Test example two, skin permeation study test of spray for treating scapulohumeral periarthritis of the present invention
1. Preparation of ex vivo mouse skin: 18 Kunming mice with weight of 20 +/-2 g and unlimited sexes are divided into 6 groups, namely experimental groups 1-6. Killing the mice, peeling off the ventral skin, carefully depilating with a razor (care not to injure the horny layer), peeling off the subcutaneous mucosa and adipose tissue, repeatedly washing with distilled water until no white turbidity exists, repeatedly washing with normal saline, sealing in an aluminum plastic bag, and storing in a refrigerator at-20 deg.C for use.
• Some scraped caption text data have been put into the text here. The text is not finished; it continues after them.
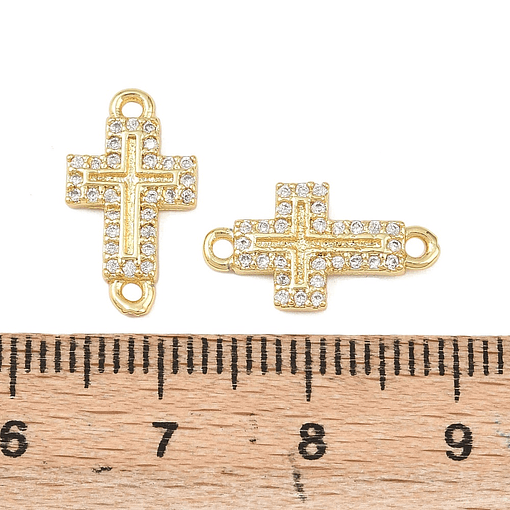 Conector Cruz Con Circones | Baño de oro 18k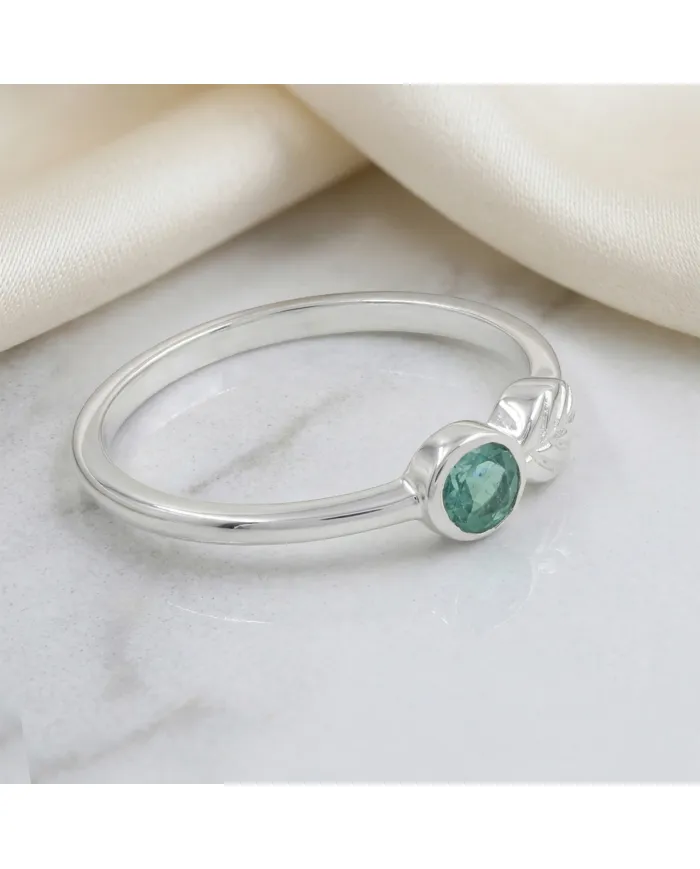 Emerald Leaf Ring | 925 Sterling Silver Handmade Green Gemstone Band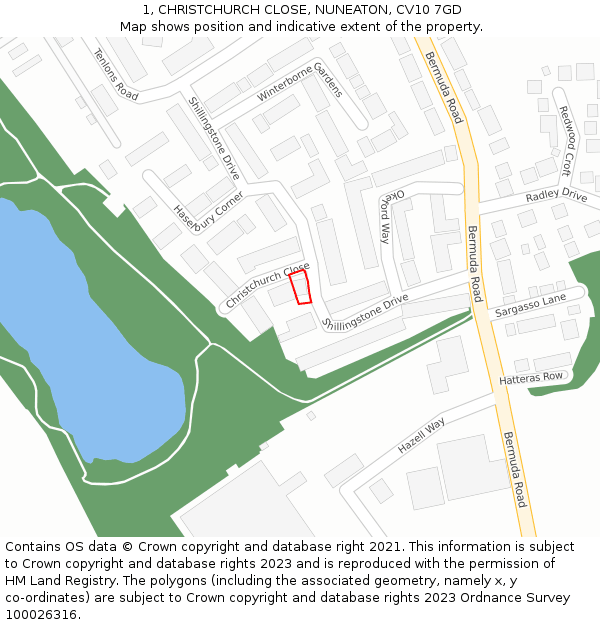 1, CHRISTCHURCH CLOSE, NUNEATON, CV10 7GD: Location map and indicative extent of plot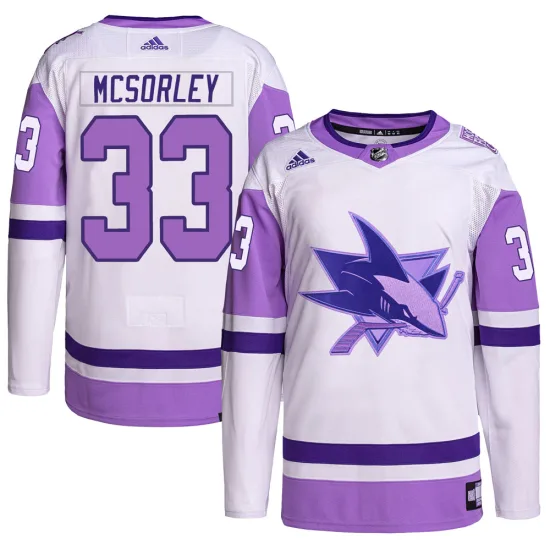 Adidas Marty Mcsorley San Jose Sharks Authentic Hockey Fights Cancer Primegreen Jersey - White/Purple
Before the experiment, the mixture is naturally thawed and soaked in normal saline for 0.5 h.
2. In vitro permeability test methods: the volume of the Franz diffusion chamber is 15ml, and the diffusion area is 3.14cm2The skin is fixed between the sample chamber and the receiving tank, and the stratum corneum faces upward to the supply tank.
Experimental group 1: the reservoir was filled with 2ml of the percolate of example 3 and the receiving chamber with 75% ethanol.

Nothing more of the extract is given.